Asians fare even worse in Haggis's L.A., as venal background characters and occasions for the deployment of those ever-popular R's-for-L's mispronunciation jabs. Throughout Crash, slurs are bandied about with a tittering, faux-transgressive naughtiness, marking the characters who speak them as insensitive jerks while allowing the audience the luxury of laughing at racial stereotypes with impunity. Basically it's the Howard Stern theory of disavowal—‘I know I shouldn't say this, but come on, we all know it's true.' To point to the fact that stereotypes are seldom true is, in this scheme, to mark oneself out as a deluded left-wing prig.

The falsehoods mount as Crash proceeds. Christine accuses Cameron of “shucking and jiving” for the cops, instead of defending her honor like a man. A mother responds to the death of one son by taking the opportunity to upbraid her other son in the meanest, most premeditated fashion. The burning-SUV rescue, with its body contortions and spilled fluids, operates as a kind of vicarious miscegenation, essentially allowing Sgt. Ryan (and, presumably, the audience) the desired and dreaded coupling that his earlier roadside finger-fuck only hinted at. But the lie that serves as Crash's esthetic and political dominant is the one that ensures its success with liberal audiences: the individualist ideology that pretends all races are created equal, and that as individuals we can simply opt out of racism, as though it were a set of ideas and not a set of historically aggregated material structures and institutional practices.

If the characters in Crash were real people, in the real world instead of Haggis's cordoned-off fantasy L.A., we'd see that they are not equal. Especially in the present atmosphere of backlash against so-called ‘political correctness'—an atmosphere Crash exploits to the fullest—people often get huffy when a person of color points out the difference between racism and prejudice, like it's mere sophistry or special pleading. But it's true—only white people in America are able to systematically reproduce the world in accordance with their own racial biases. To actually address this would entail systemic change, well beyond the ken of liberals and their voluntarist cult of the individual.
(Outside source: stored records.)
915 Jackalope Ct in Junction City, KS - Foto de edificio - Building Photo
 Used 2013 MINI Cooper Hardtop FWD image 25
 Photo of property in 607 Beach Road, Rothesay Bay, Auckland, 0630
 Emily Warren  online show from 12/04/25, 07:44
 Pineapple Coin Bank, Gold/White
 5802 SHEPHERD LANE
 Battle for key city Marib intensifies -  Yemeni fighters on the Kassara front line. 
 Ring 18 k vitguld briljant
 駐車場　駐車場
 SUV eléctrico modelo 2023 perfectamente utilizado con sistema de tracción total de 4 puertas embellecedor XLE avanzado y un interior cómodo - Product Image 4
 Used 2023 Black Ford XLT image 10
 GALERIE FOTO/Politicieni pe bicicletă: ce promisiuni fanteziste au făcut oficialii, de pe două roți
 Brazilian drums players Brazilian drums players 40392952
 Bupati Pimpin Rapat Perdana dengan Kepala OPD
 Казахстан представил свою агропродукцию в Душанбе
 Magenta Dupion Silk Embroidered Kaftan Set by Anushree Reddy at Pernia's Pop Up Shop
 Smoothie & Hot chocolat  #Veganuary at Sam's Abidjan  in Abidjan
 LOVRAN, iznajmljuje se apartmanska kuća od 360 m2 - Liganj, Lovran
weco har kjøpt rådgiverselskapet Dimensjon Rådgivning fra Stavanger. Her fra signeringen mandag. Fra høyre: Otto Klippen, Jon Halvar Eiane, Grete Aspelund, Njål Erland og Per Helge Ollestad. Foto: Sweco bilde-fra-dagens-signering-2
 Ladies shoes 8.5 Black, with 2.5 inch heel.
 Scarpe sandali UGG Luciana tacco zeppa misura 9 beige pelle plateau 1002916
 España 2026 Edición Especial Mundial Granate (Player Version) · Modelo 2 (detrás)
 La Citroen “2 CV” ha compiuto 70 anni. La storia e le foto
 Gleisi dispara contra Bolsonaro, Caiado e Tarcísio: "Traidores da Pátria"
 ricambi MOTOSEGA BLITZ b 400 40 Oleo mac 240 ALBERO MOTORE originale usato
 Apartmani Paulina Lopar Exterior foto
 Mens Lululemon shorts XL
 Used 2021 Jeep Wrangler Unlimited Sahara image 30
In the middle of the film, Daniel assuages his daughter's fear of gunshots by offering her an “invisible cloak” of protection, given to him by a benevolent fairy. Later, in an apparent act of God, father and child are shot at close range and yet they are not harmed. The little girl exclaims to a stunned Daniel, “It's a really good cloak.” The same could be said for the privileged liberalism represented by Haggis and Crash . As long as the system is only shooting blanks, you're A-OK.